Continued evidence of DEG in health products, however, prompted FDA to issue a guidance in May 2007, recommending that manufacturers perform appropriate tests to ensure that any glycerin used in preparing liquid drugs is not contaminated. The document refers to limit and identity tests listed in the USP glycerin monograph and a thin-layer chromatography test method. FDA also advises manufacturers to identify reliable suppliers for glycerin and other ingredients associated with contamination problems.
Persistent evidence of contaminated imports reflect FDA's difficulties in monitoring and identifying noncompliant food and drug ingredients from overseas.
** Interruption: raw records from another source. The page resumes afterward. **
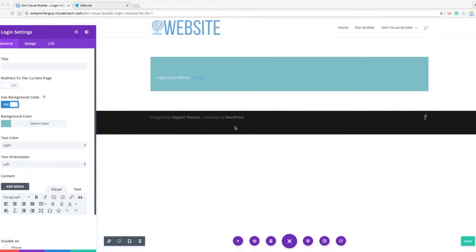Hello, this is Jimmy Blevins and today I'd like to walk you through adding a login to a web page using the Divi Visual Builder.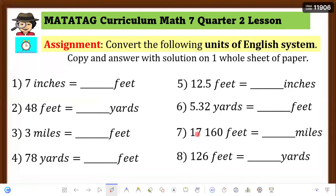Copy your assignment: convert the following units of the English system. Copy and answer with complete solution on one whole sheet of paper. Time's up — happy learning everyone, and good luck! Bye!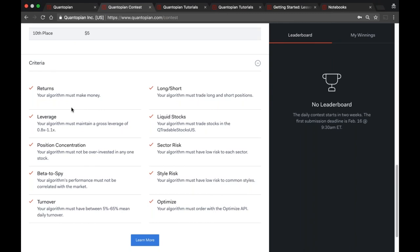The last requirement is the usage of optimize, which has been on the platform for almost a year. It's an ordering API where you can move your portfolio from one state to another by specifying an objective and a set of constraints. You must place all orders in a contest algorithm using optimize. An important note: an algorithm must meet all of the criteria to be eligible. We also run a new back test on a nightly basis, adding an extra day each night, so an algorithm in the contest must continue to meet these criteria to stay running.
In announcing the new GMP rule, FDA officials said they would adopt a risk-based approach to ensuring manufacturer compliance with quality standards. That translates into relatively few direct inspections of manufacturers, particularly those overseas, unless evidence of contamination or rule violations surfaces. FDA's reliance on supplement manufacturers and packagers to ensure ingredient quality is a symptom of the limits on agency enforcement and oversight capabilities. While FDA conducts more than 1000 drug GMP inspections in the US every year, it visits only a few hundred foreign manufacturers, despite the growing portion of drug ingredients and generic drugs now coming from India, China, and other countries.
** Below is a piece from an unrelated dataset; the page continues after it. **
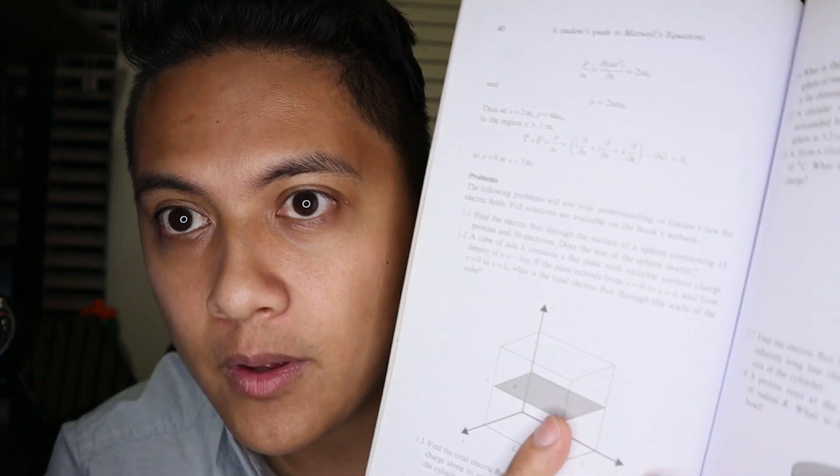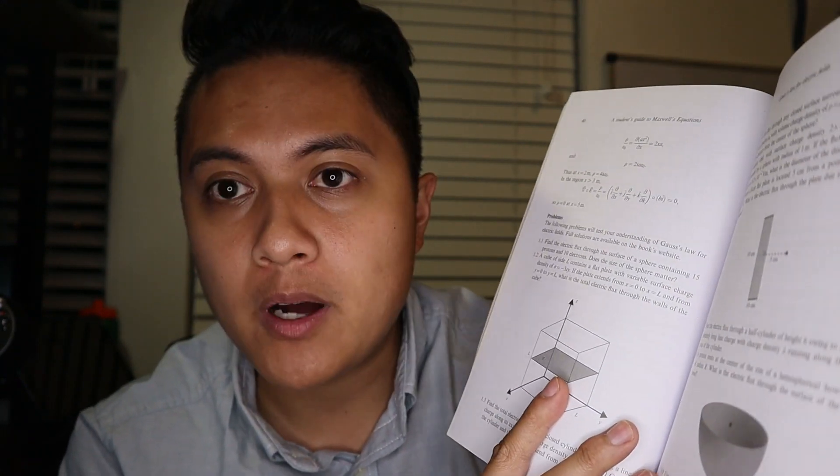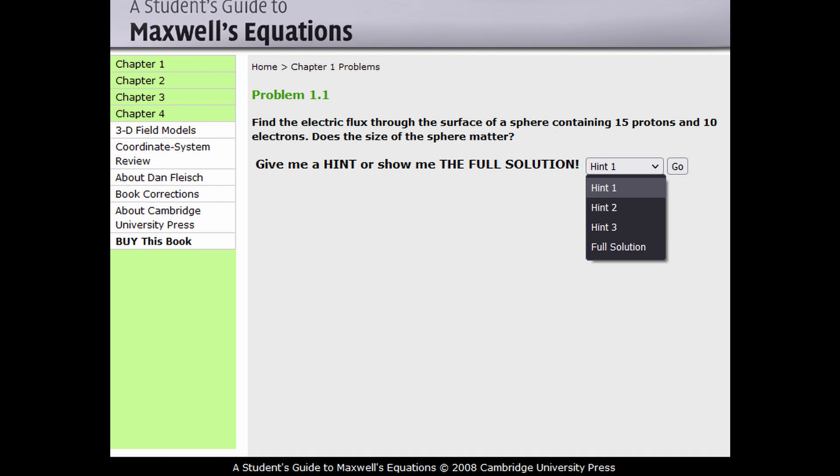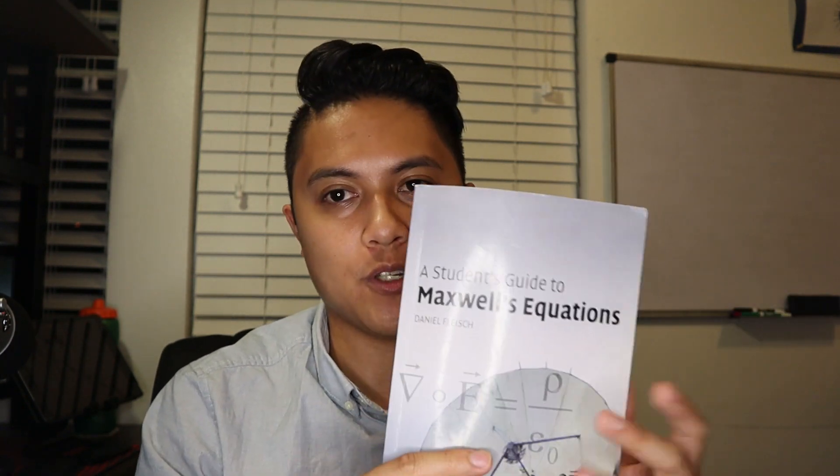They also include problems at the end of every chapter, and they have the solutions, most of the time, on the corresponding website associated with the book. At least for Maxwell's Equations, there definitely is a website with solutions that I've used. I even emailed Daniel Fleisch about a problem I didn't understand and he emailed me back — he's a really nice guy. He also creates podcasts on Apple Podcasts that go over each individual section, at least in this book. I really fell in love with this book series when I first got it.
Whether FDA's GMP rule will ensure high-quality and safe dietary supplements will be examined further by Congress. The House Energy and Commerce Committee recently asked the Government Accountability Office to examine dietary-supplement concerns, including overly vague health claims in product labels, FDA's ability to detect safety problems, and the status of adverse-event reporting.
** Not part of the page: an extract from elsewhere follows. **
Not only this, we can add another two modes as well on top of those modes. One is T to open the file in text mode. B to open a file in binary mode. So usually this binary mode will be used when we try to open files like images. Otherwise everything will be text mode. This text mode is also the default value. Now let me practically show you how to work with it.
One result of the IOM report of 2004 was to spur Congress to enact the Dietary Supplements and Nonprescription Drug Consumer Protection Act in December 2006. The law replaces voluntary adverse-event reporting for supplements with a required system that goes into effect in December 2007. Manufacturers are working with FDA to clarify reporting policies as the implementation deadline draws near. Key issues include what information should be placed on product labels to advise retailers and consumers how to report adverse events, what qualifies as a "life-threatening" adverse event, and where certain information should be written on FDA's MedWatch form.
When DSHEA was enacted in 1994, it applied to about 4000 products sold in the US. Today, the supplement market includes some 30,000 products. Yet, FDA funds for overseeing supplements have declined. While the new GMP regulations may help improve the quality of these diverse products, FDA will need more resources to establish a level playing field for producing and marketing dietary supplements.